Let $0 \leq a \leq b, 0 \leq k \leq e$ $$ a^{ka}+b^{kb} \geq a^{kb}+b^{ka} $$
It's relatively easy to prove when $b \geq 1$(every non-negative $k$ satisfies this inequality), I can't prove the other case($b \leq 1$).
(Maximum of $k$ is calculated by computer to be about 2.7, so I conjectured it to $e$ but it may be wrong)
Also, generally, let $0 \leq a \leq b, 0 \leq c \leq d$ $$ a^{c}+b^{d} \geq a^{d}+b^{c} $$ When $b \geq 1$, every $c$ and $d$ satisfies this inequality. However, when $b \leq 1$, is there general conditions for $c$ and $d$?

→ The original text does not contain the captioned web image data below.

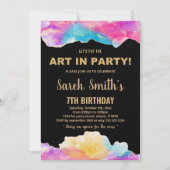 ゴールデンパープル絵を描誕生日招待状 招待状 (正面)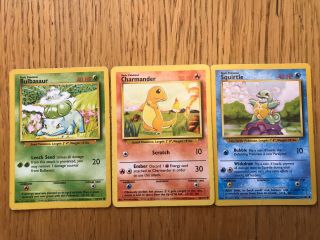 Pokemon Base Set Starter Bundle Bulbasaur Squirtle Charmander Wotc 1999 Cards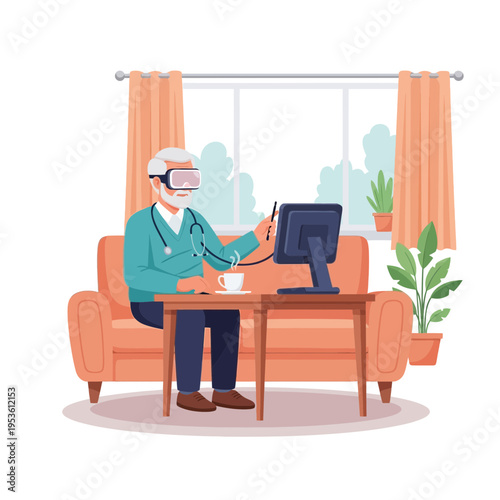 Elderly Man Engaged in Virtual Reality Healthcare Training on Sofa with Computer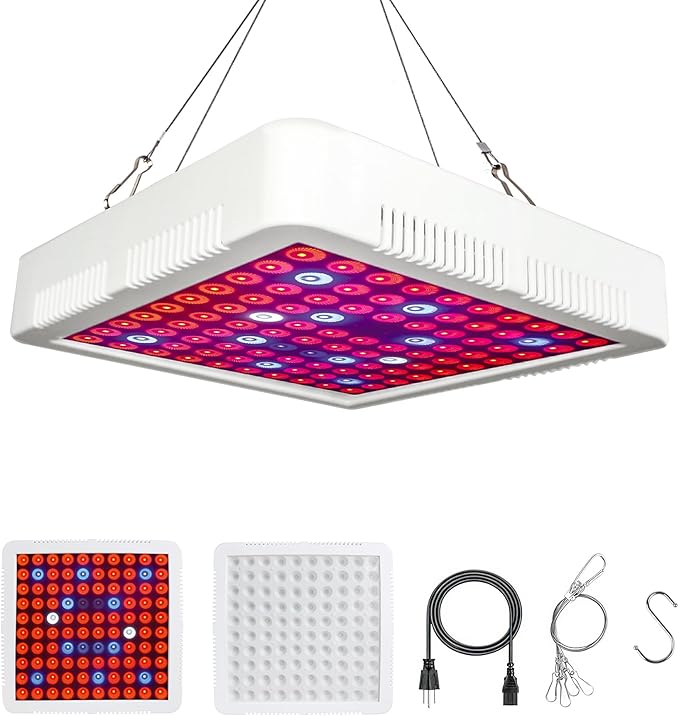 GT-Lite Plant Growing Lamps Garden LED Grow Light Wide Spectrum Grow Flat Light Promotes Plant Growth Damp Rated Equivalent for 300 Watt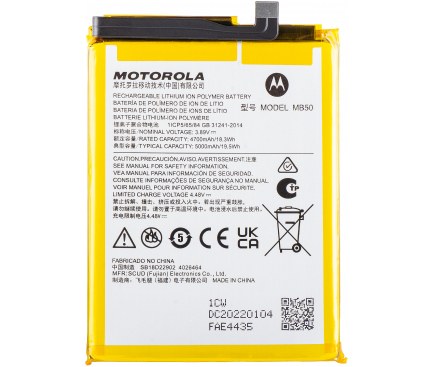 Acumulator Motorola Moto G200 5G, MB50, Service Pack SB18D10749 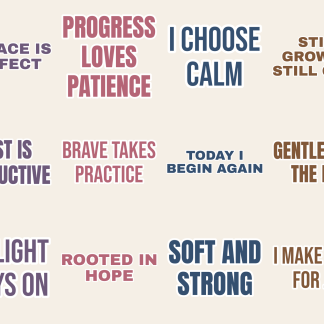 Positive Affirmations Vol 2 Sticker Pack — 12 Gentle Daily Quotes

This is equivalent to $$b^{kb}-b^{ka}\ge a^{kb}-a^{ka}$$ Dividing, note that the RHS is negative ($\alpha^{x}$ is decreasing for $\alpha \in (0,1)$), so we want to show $$\frac{b^{kb}-b^{ka}}{a^{kb}-a^{ka}}\le 1$$ Let $f(x)=b^{kx}$ and $g(x)=a^{kx}$. Then by Cauchy's Mean Value Theorem, there is an $c \in (a,b)$ with $$\frac{f(b)-f(a)}{g(b)-g(a)}=\frac{f'(c)}{g'(c)}=\frac{\log(b)}{\log(a)}\left(\frac{b}{a}\right)^{kc}$$ We want to prove this is at most $1$, for some restriction on $k$. Since $b \ge a$, $(b/a)^{kc}$ is maximised at $c=b$. So consider $h(x)=\log(x) x^{kb}$. When $h$ is increasing,
$$\frac{f(b)-f(a)}{g(b)-g(a)}\le \frac{h(b)}{h(a)}\le 1$$
$h$ is increasing when $h'(x)>0$. By computation, $h'(x)=(1-kb)x^{kb-1}$, which is positive for positive $x$ iff $1-kb>0$, i.e. $k<1/b$. I think these are the best bounds you will get.